When I was a kid, in elementary school, I was called into the nurse's office and weighed and told I had to lose weight. Now mind you, I was just a kid and not obese, just a little chubby. I wonder if I had not been stigmatized from such an early age (being the only one called out of class into the nurse's office once a week to be weighed and assessed) if things might have been different. Maybe, maybe not.

My mother got involved once the school contacted her and god/dess knows in our house there were no treats to begin with. Now I had to 'watch' what I ate and I was embarrassed and ashamed. It led to candy store binges with other friends who were equally deprived of treats in their homes. Though having said that, most kids had such things, but for me it was the holy grail.

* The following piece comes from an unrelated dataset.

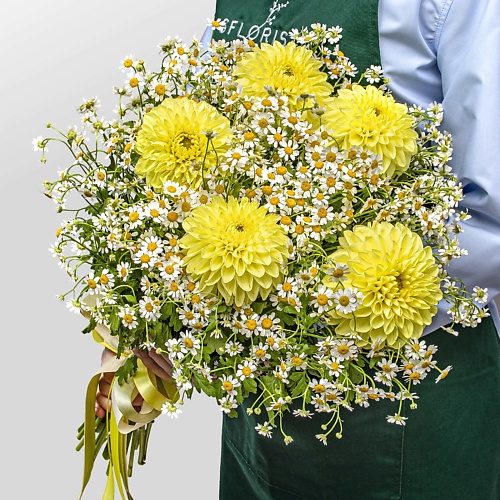 

STUDIO FLORISTIC Букет из Георгин и Ромашек «Деревенский Шик», Букет из Георгин и Ромашек «Деревенский Шик»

My mother was bulimic her entire adult life (due to my father's critical assessment of her at all times.) She was thin and beautiful but never thought so, and hence her eating disorder. (Never admitted by the way.) So food and eating was always an issue in our home. Everything in the fridge was 'dietetic' (remember that word?) except for mom's secret stashes. My mother watched my sister like a hawk for every morsel of food she put into her mouth. No wonder she is now morbidly obese. Like she was getting back at our mother, when in fact she was just punishing herself. I know in her case she wanted to see if she was worthy of love even if she was fat. "See if you can find the real me!," devoid of vanity issues. But vanity issues were all there was in our home so it was a lose-lose proposition.

I bounced from being thin and overweight throughout my life. I always thought I was fat but I wasn't. (Though I believe we become our own self-fulfilling prophesies.) There are old photos that show there were periods where I was a little chubby, then thinner, then a little chubby, etc. I wasn't obsessed with food (until the teenage years, with teenage fixations on food and body image), but that's really not my modus operandi.

I think I just like to eat. Not compulsively, just things I like. But having said that, the last 20 (!!!) years have been spent overweight and I think it was the scare of impending diabetes that got my attention.

The biggest lesson for me, the hardest one, is loving and accepting myself at whatever weight, and I can't do that when I'm too big. There was a point when I felt so large I was literally claustrophobic. I felt so trapped in my body that I just wanted to jump out of it.

So having said that, I am still overweight but much more comfortable in my skin. I don't feel self loathing or shame, just a healthy desire to look and feel better. At a certain point, whatever traumas I have lived through are the stuff that forged my character, of which I am proud. I don't blame anyone at this stage of the game. I'm responsible for what I do with my life.